### Provided data
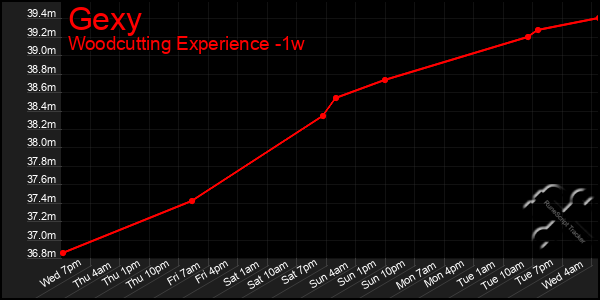 Last 7 Days Graph of Gexy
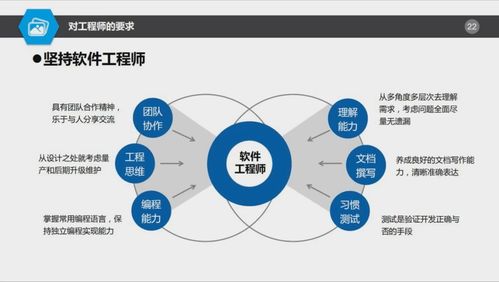 AUTOSAR對(duì)基礎(chǔ)軟件開發(fā)的喜與憂 一場效率與復(fù)雜性的博弈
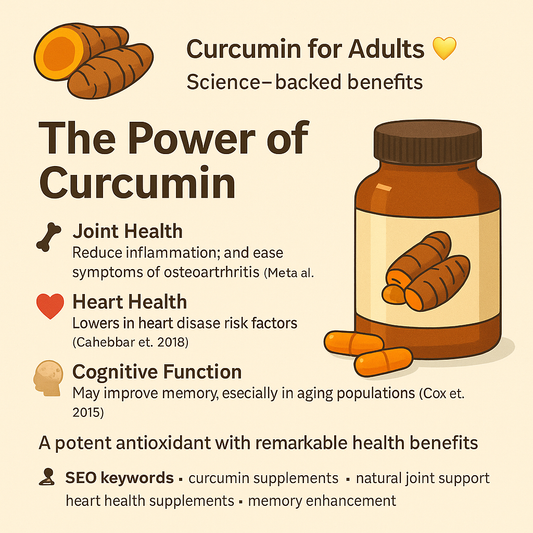 The Power of Curcumin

### Activity
Your answer should contain all the material above, written out exactly, and none of the pictures.

### Written answer
 Last 7 Days Graph of Gexy
 AUTOSAR對(duì)基礎(chǔ)軟件開發(fā)的喜與憂 一場效率與復(fù)雜性的博弈
 The Power of Curcumin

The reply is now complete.